**What to do:**
Look in the listing below for the line that has "Mô hình xe Volkswagen", then return it and each following line up to and including the one with "تعرف على القميص", exactly and without pictures.

**Material for this exercise:**
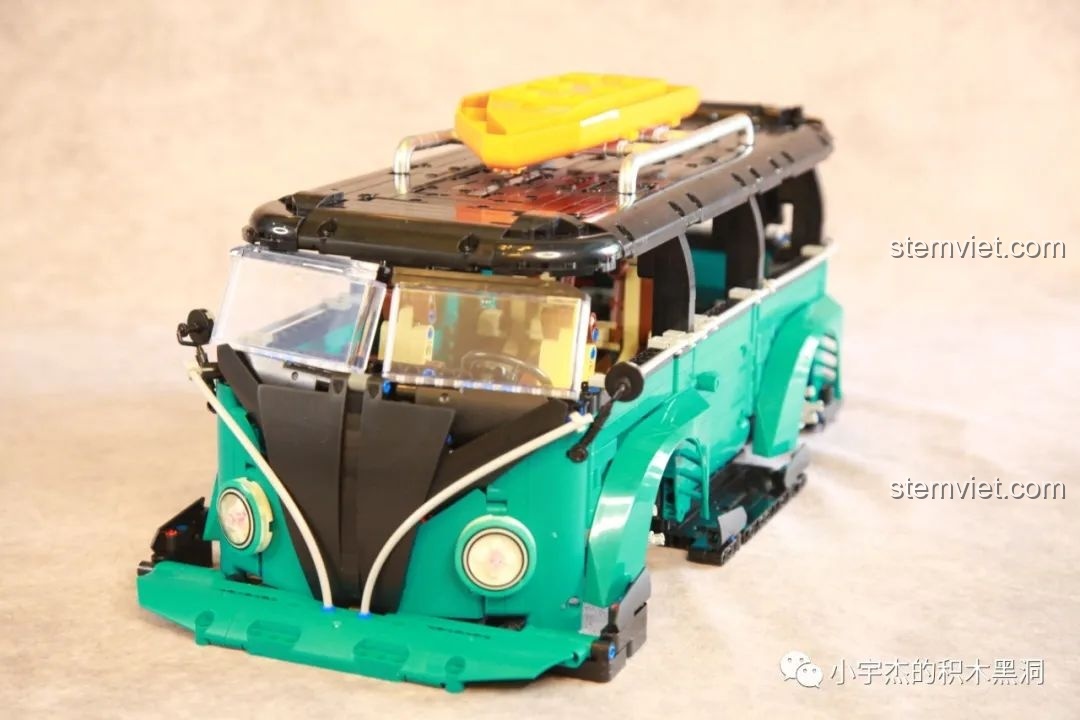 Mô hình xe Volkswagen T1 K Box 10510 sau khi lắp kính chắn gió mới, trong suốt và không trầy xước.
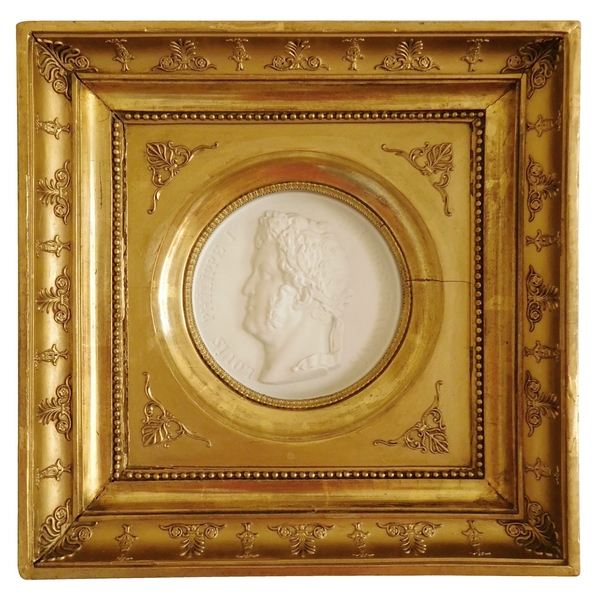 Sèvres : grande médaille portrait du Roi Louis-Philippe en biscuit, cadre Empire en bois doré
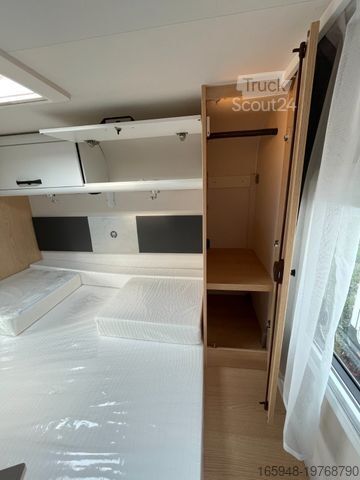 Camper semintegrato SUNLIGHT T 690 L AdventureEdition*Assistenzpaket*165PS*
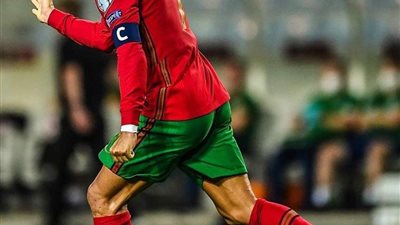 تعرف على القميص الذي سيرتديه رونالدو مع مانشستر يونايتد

---

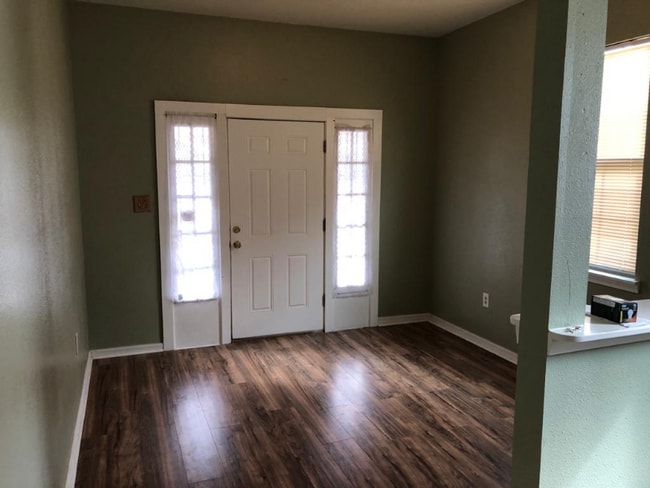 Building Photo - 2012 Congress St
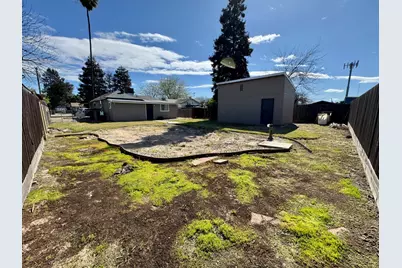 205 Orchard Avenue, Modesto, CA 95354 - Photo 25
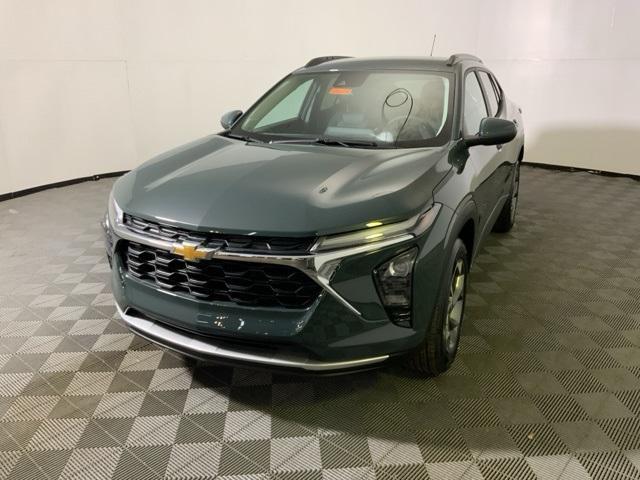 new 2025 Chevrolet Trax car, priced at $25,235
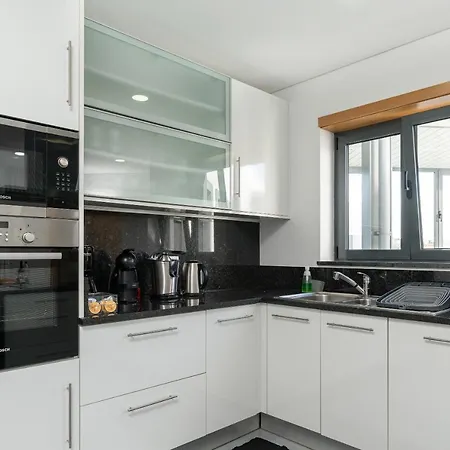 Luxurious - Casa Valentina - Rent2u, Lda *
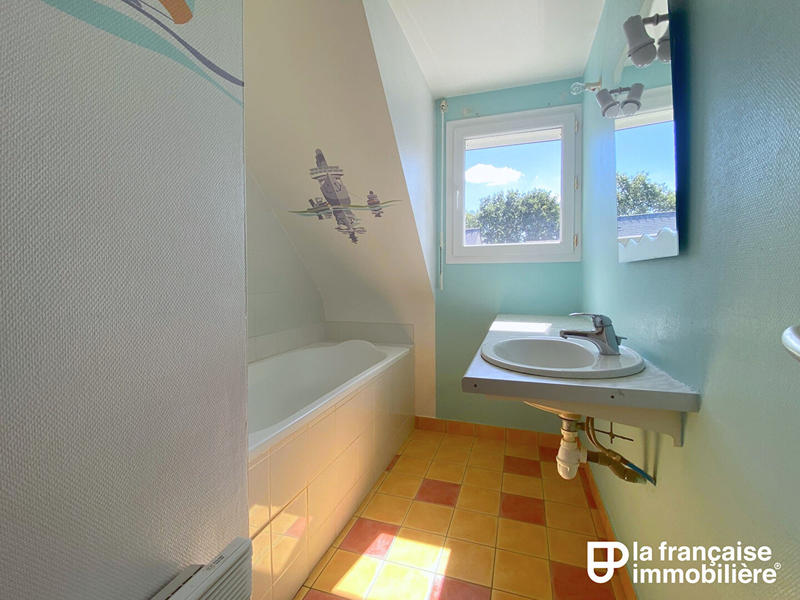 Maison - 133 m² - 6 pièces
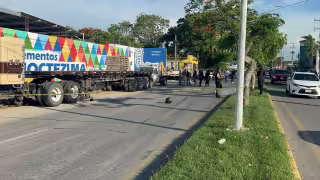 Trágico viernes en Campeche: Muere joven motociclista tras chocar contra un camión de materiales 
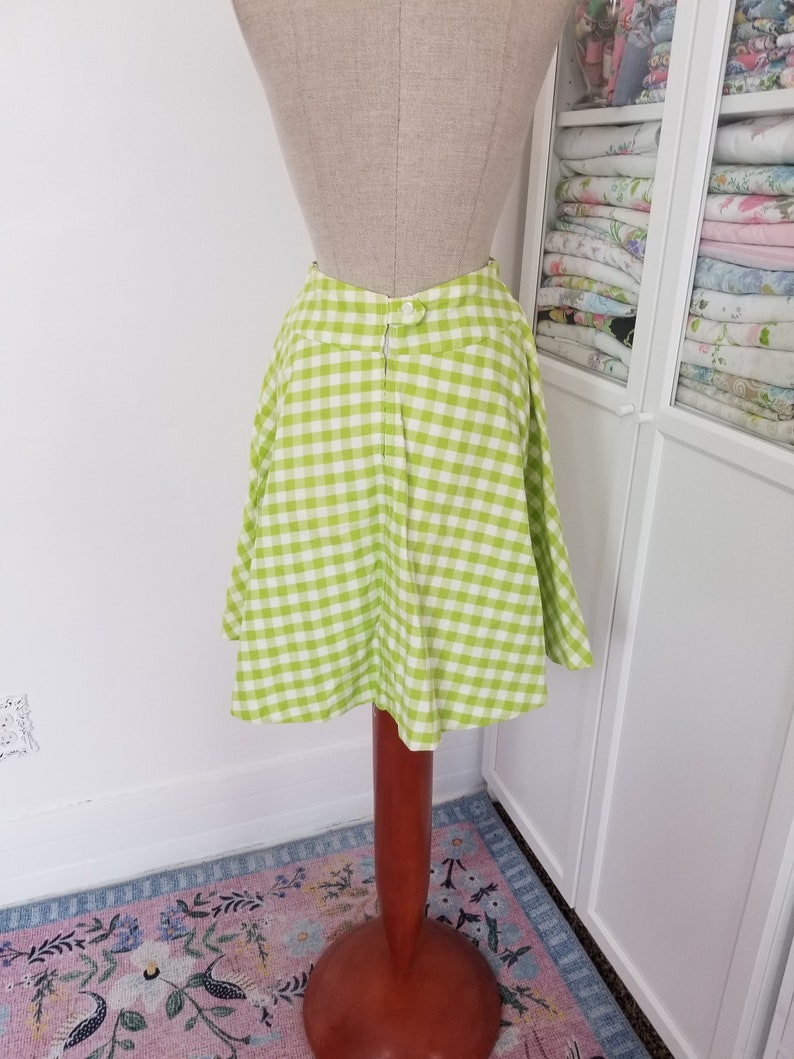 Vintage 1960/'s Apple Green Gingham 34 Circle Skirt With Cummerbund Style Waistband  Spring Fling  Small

==

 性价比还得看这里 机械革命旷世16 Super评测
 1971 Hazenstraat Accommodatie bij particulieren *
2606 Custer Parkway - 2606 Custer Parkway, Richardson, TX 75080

**Answer section:**
 Mô hình xe Volkswagen T1 K Box 10510 sau khi lắp kính chắn gió mới, trong suốt và không trầy xước.
 Sèvres : grande médaille portrait du Roi Louis-Philippe en biscuit, cadre Empire en bois doré
 Camper semintegrato SUNLIGHT T 690 L AdventureEdition*Assistenzpaket*165PS*
 تعرف على القميص الذي سيرتديه رونالدو مع مانشستر يونايتد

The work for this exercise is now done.